E a brincadeira começava: alguém contava até dez e a cachorrada saia em desabalada carreira fugindo dos homens da carrocinha. Assim que uma criança era capturada e presa nos braços de outras duas crianças ela era conduzida para a carrocinha, mas com muitas tentativas de fuga e cantoria dos cachorros livres.
"A carrocinha pegô um cachorro de uma vez, a carrocinha pegô dois cachorro de uma vez. Ô tralalá chibom que é , ô tralalá chibom chibom".
E o cão ficava preso na roda de crianças que na brincadeira era a "carrocinha" e dali não fugia mais. E novamente a um comando a "cachorrada se debandava pela rua, as duplas saiam atrás à captura e a canção seguia até que o último bicho fosse pego e preso e levado para a carrocinha da prefeitura.

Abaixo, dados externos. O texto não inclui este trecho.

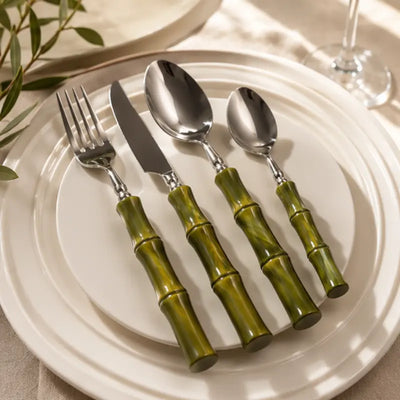 Jogo de Talheres Estilo Bambu Inox 304 Luxo Premium 24 Peças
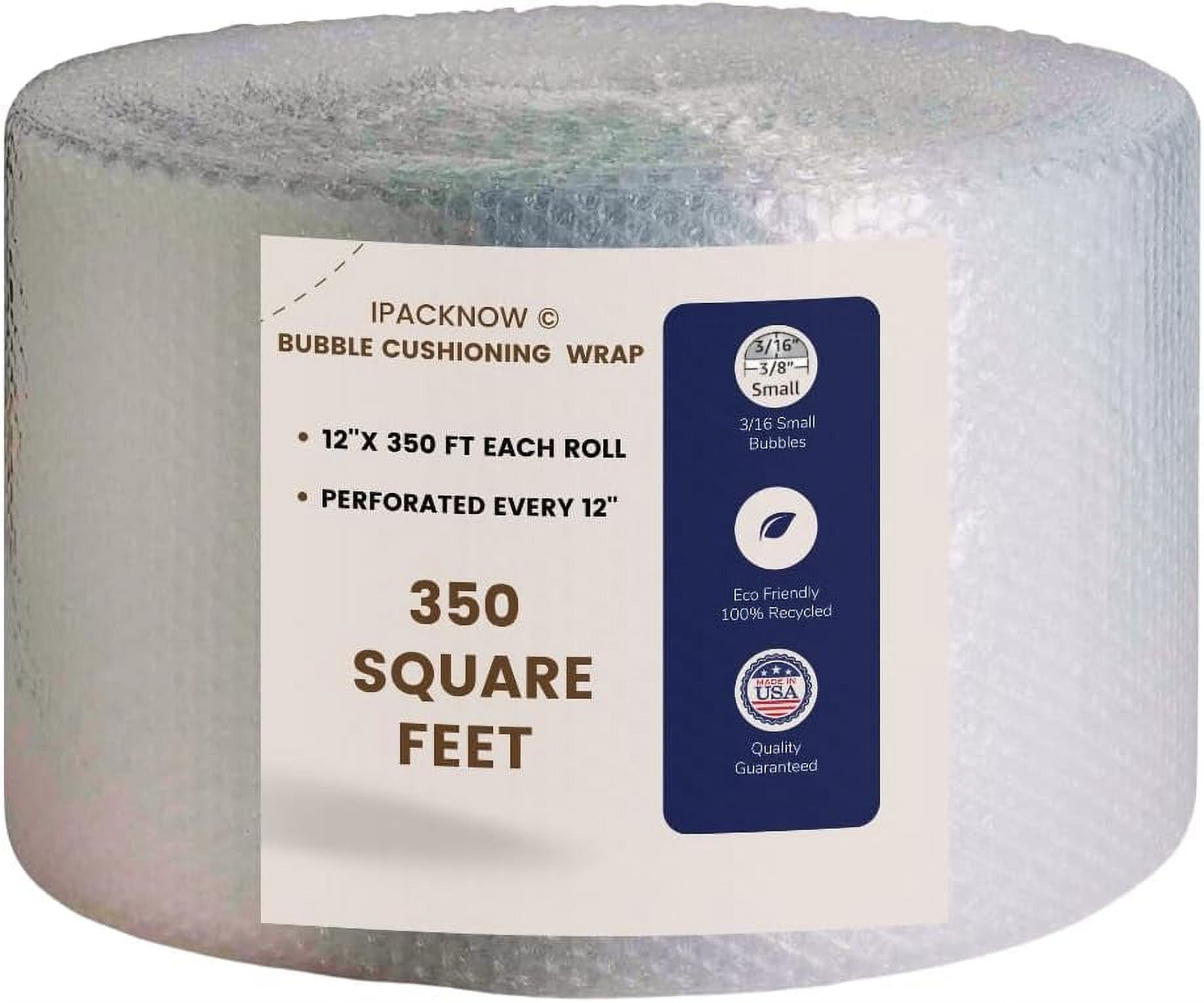 Bubble Cushion Wrap Roll 12 Inch x 350 Feet Total 3/16 Small Bubbles Perforated Every 12" for Packaging Moving Shipping Boxes Supplies 1 Roll 12'' Wide 350 Feet x 1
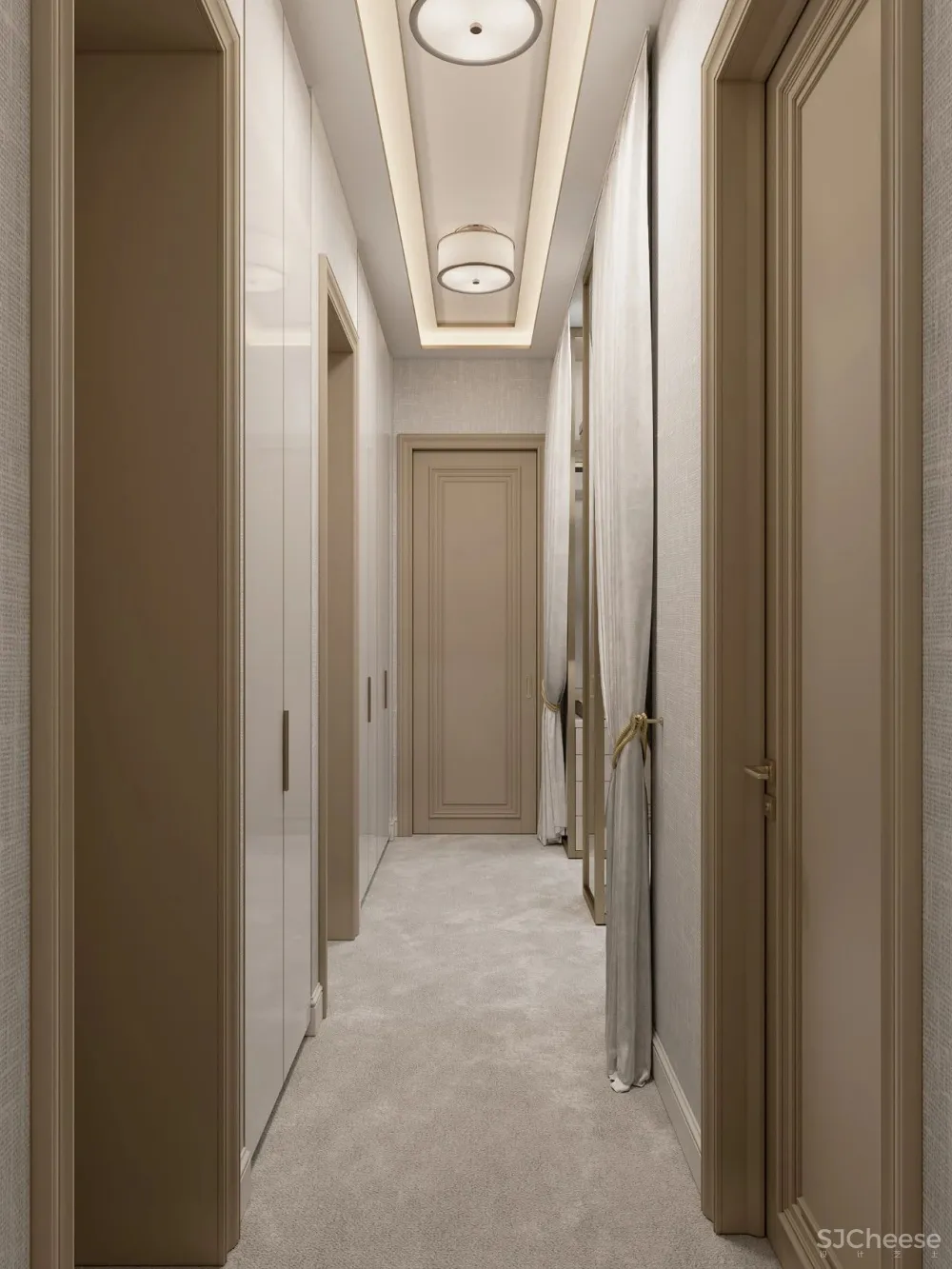 126㎡三居室,金色 白色的搭配,意想不到的高级感!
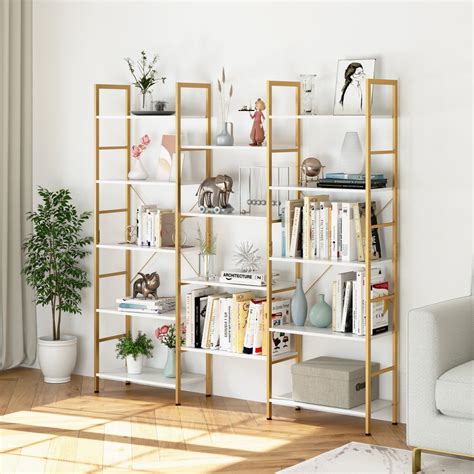 Homfa 5 Tier Gold And White Bookshelf Triple Wide Open Display Shelf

"A carrocinha pegô três cachorro de uma vez, a carrocinha pegô quatro cachorro de uma vez. Ô tralalá chibom que é, ô tralalá chibom chibom".
Foi um acidente com uma carrocinha de um catador de materiais recicláveis que lhe trouxe à memória a brincadeira de criança, a carrocinha. Ela brincara muito de carrocinha, adorava ser o cachorro que saia em disparada correria fugindo do homem da carrocinha, seus primos. Era sempre uma das últimas crianças capturadas e levada para a carrocinha. Gostava de correr em desabalada e louca correria, adorava driblar o homem da carrocinha e tentar fugir dos braços do homem da carrocinha e gostava da cantoria. Ainda se brinca?
Papelões, jornais, revistas, livros, latinhas, garrafas pets foram lançados no asfalto quando, na tentativa de puxar sua carrocinha, na realidade um carroção lotado de materiais recicláveis, no olho, umas 500 toneladas de peso, o homem da carrocinha topou com uma pedra no meio do caminho: uma ravina entre a camada do asfalto e a calçada.
De longe ela viu o desastre, viu homens próximos apenas olhando, o mesmo olhar neutro e sem vida das gentes endurecidas, enregeladas, anestesiadas à espera do busão.
Sinal de trânsito fechado. Nenhum motorista se dispôs a ajudar. O velho da carrocinha, como muitos outros catadores, homens e mulheres da cata de recicláveis não praguejou, não mudou o semblante, apenas saiu juntando o mais rápido que podia as latinhas que caíram perto dos carros e pela agilidade demonstrada o perrengue era apenas um dos muitos percalços de sua jornada diária.
Ela apressou o passo, juntou papelões e latinhas deixando perto da carrocinha. Ofereceu "uma mãozinha" para empurrar por trás a carrocinha o que foi rejeitado...envergonhado.
"Deus lhe pague moça. Eu dou conta. Obrigado, vá com Deus."
Ela se despediu, desejou bom dia, abençoou o dia dele também e saiu apressada; na mente sussurrando Chico Buarque: "é gente humilde que vontade de chorar."